Some members of Sharif’s party said he will cooperate with investigators only after the Supreme Court reviews his complaint against its previous decision to oust him.
Pakistan’s top court disqualified Sharif end of July from continuing to act as prime minister because it found he possessed a working permit in the UAE which a firm owned by his son obtained for him.
The court ordered NAB to probe money laundering and offshore wealth accusations against Sharif, his children, son-in-law and finance minister Ishaq Dar.
The ten-member NAB investigation team traveled from Rawalpindi to Lahore to record the statements of Sharif and his sons but the family refused to meet with them.
"The money laundering network is probably the biggest in Asia," said Fawad Chaudhry, the spokesman for Pakistan’s Tehreek-e-Insaf (PTI) party which criticized Sharif before.
He also accused the current Prime Minister, Shahid Khaqan Abbasi, of acting like a "puppet prime minister" and by doing nothing “siding with the money laundering network."

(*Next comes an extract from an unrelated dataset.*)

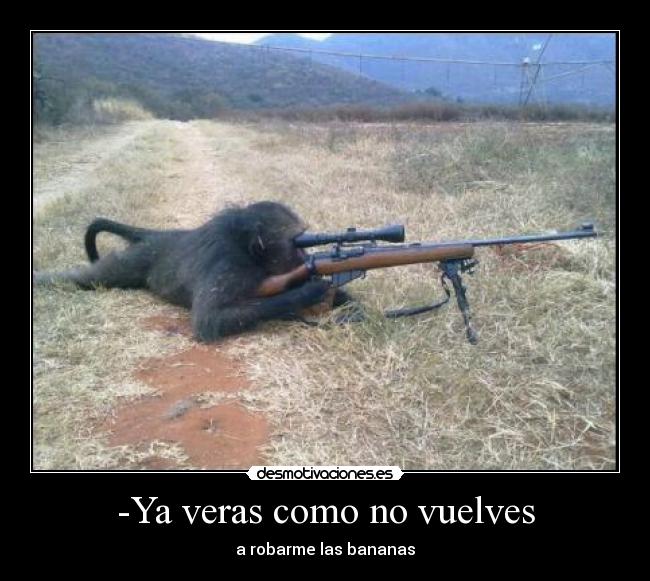 -Ya veras como no vuelves -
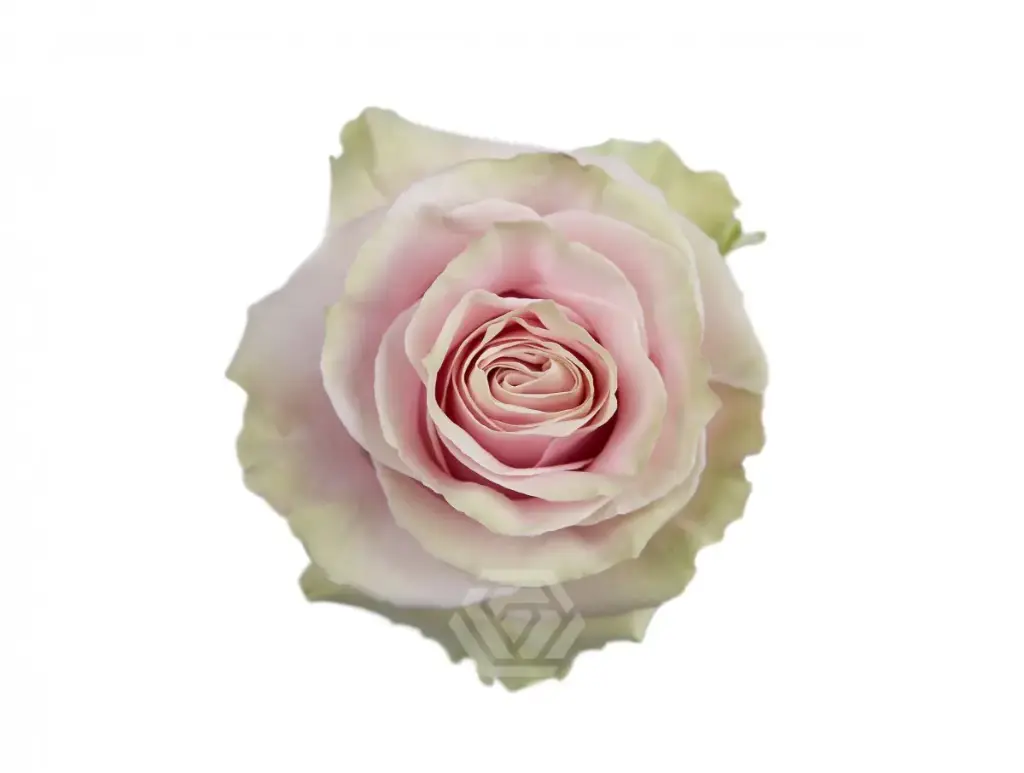 V26 50cm Roses Light Pink Mondial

Yasser Latif Hamdani, an Islamabad based renowned lawyer, told OCCRP, that “if the Sharifs won’t present themselves before the investigation team, then they will be arrested.”
Last week, Sharif held a defiant roadshow with thousands of supporters from Islamabad to Lahore to project his political strength after the Supreme Court verdict.
The NAB said it will summon the Sharifs for a second time and if they don’t respond, then for a final third time.